■ Source data
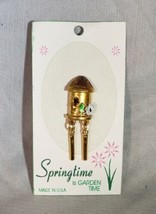 Vintage Gold tone Bird House Pin Brooch White Flower  - £6.99 GBP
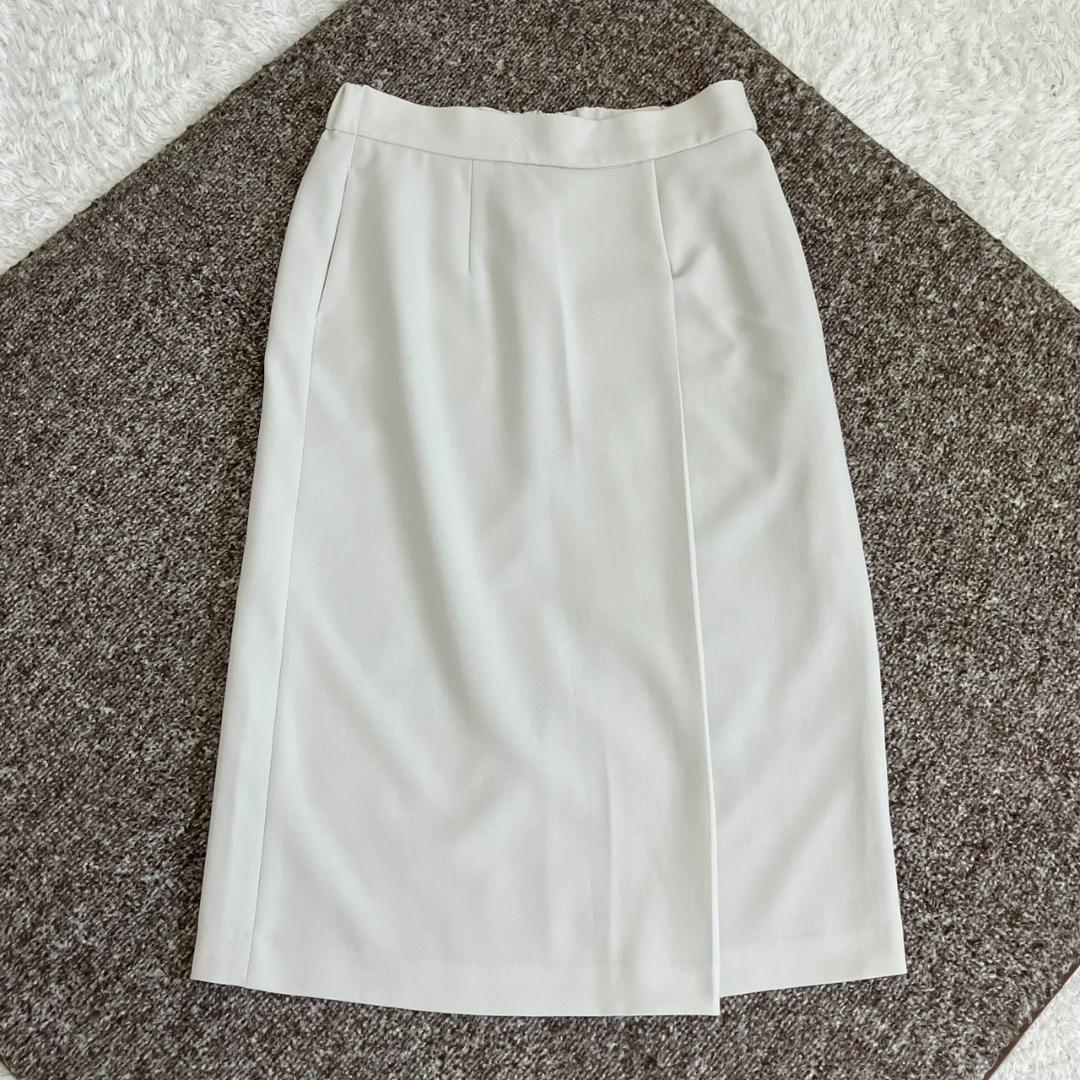 ソージュ soeju タイトスカート　White タイトスカート - SOÉJU online store｜上質な大人の女性のため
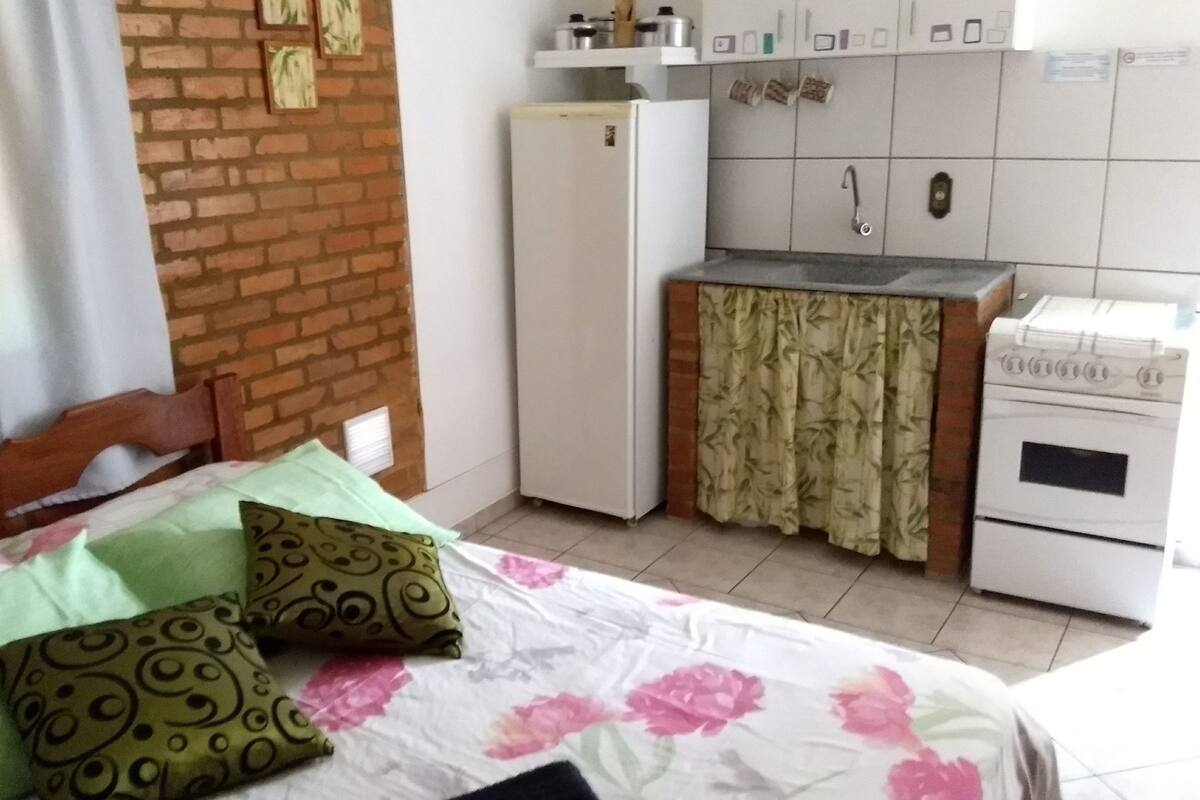 Studio, 1 parisänky | Tallelokero huoneessa, ilmainen Wi-Fi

■ Assignment
Transcribe all the data word for word; the images stay out.

■ Answer area
 Vintage Gold tone Bird House Pin Brooch White Flower  - £6.99 GBP
 ソージュ soeju タイトスカート　White タイトスカート - SOÉJU online store｜上質な大人の女性のため
 Studio, 1 parisänky | Tallelokero huoneessa, ilmainen Wi-Fi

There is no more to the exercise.